▶ [BRIEF]: Starting at the line that contains "Café Hirschen, Gemeinnütziger", transcribe each line exactly through the end of the data below, and skip any pictures.

▶ [PROVIDED MATERIAL]:
******************************

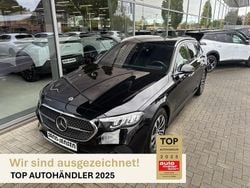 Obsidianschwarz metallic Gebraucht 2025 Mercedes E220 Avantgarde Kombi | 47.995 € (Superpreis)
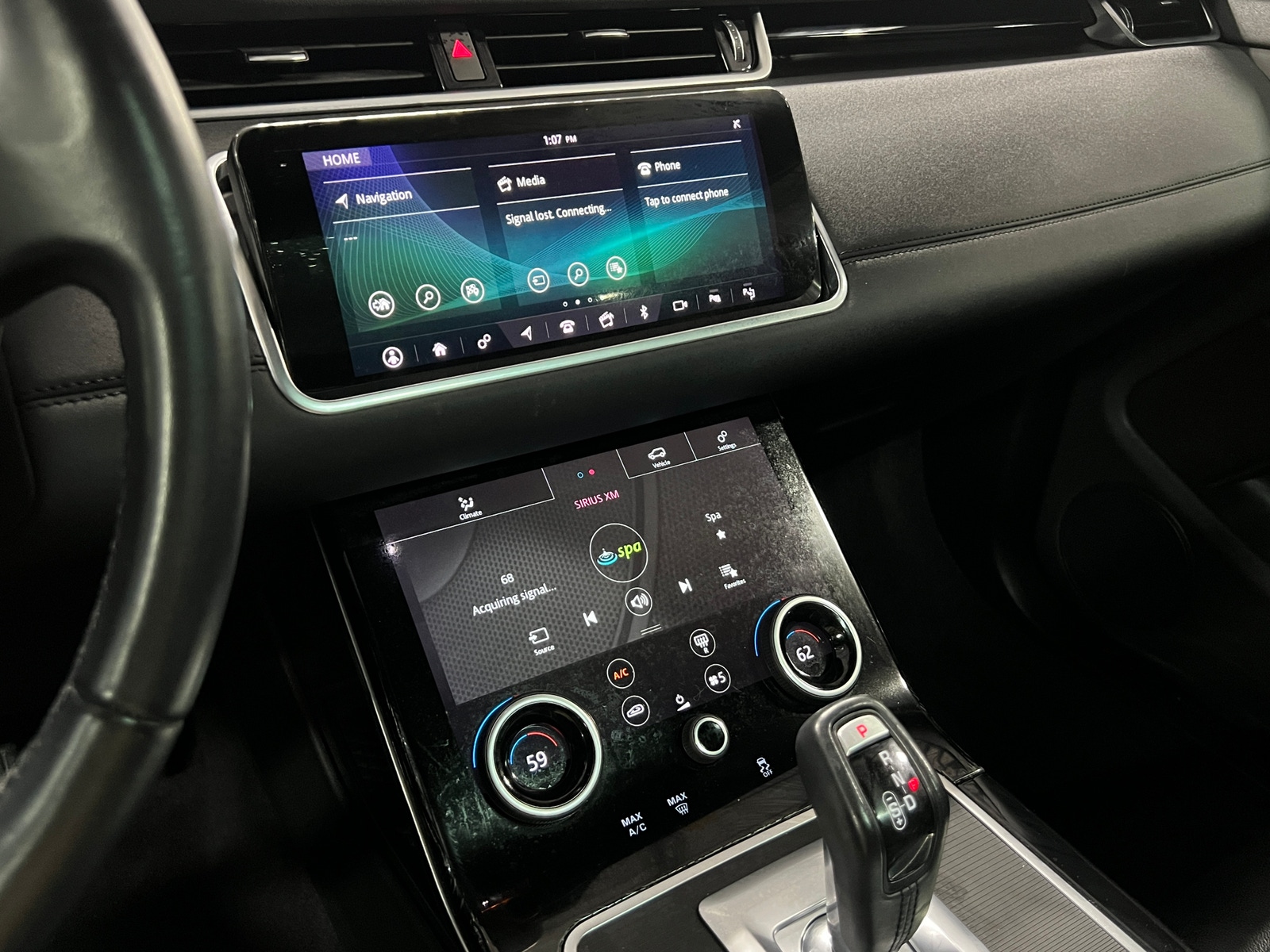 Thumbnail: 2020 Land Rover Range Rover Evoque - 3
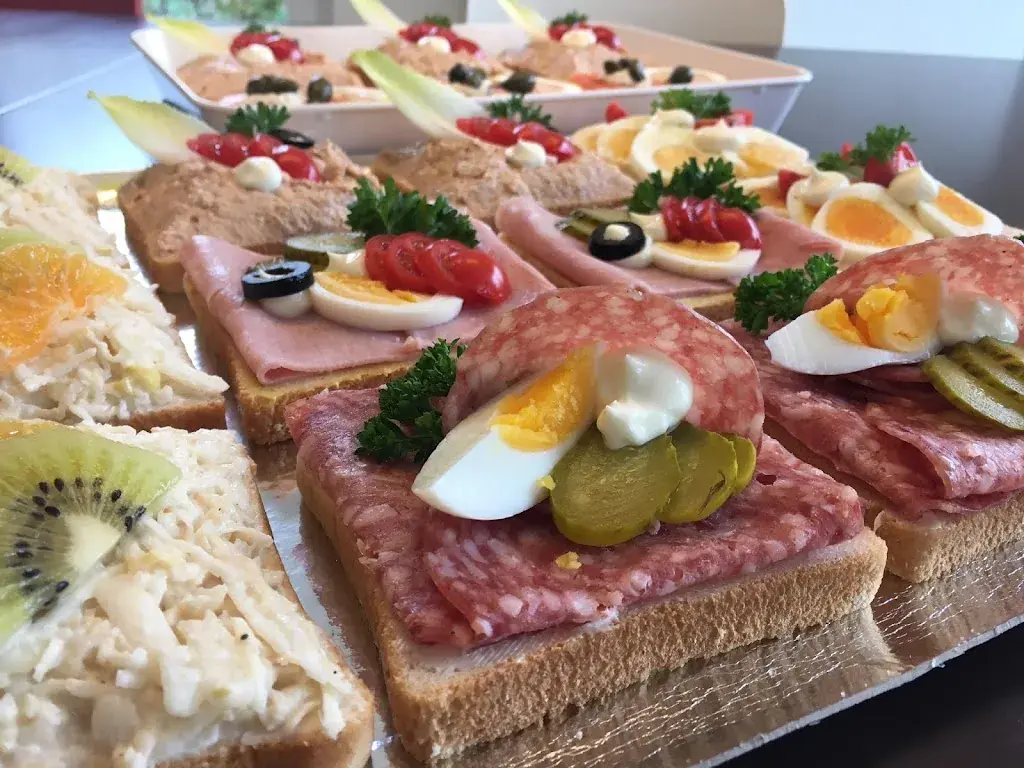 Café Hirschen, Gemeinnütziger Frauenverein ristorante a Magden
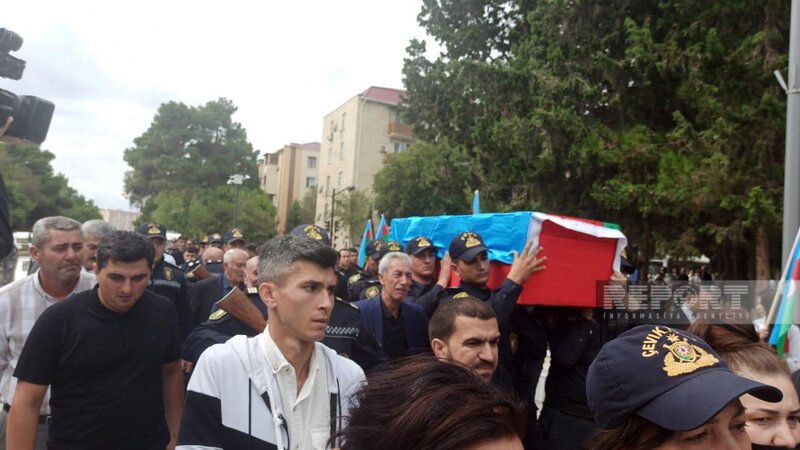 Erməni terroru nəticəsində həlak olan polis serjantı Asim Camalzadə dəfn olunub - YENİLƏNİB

******************************

▶ [WRITTEN SOLUTION]:
 Café Hirschen, Gemeinnütziger Frauenverein ristorante a Magden
 Erməni terroru nəticəsində həlak olan polis serjantı Asim Camalzadə dəfn olunub - YENİLƏNİB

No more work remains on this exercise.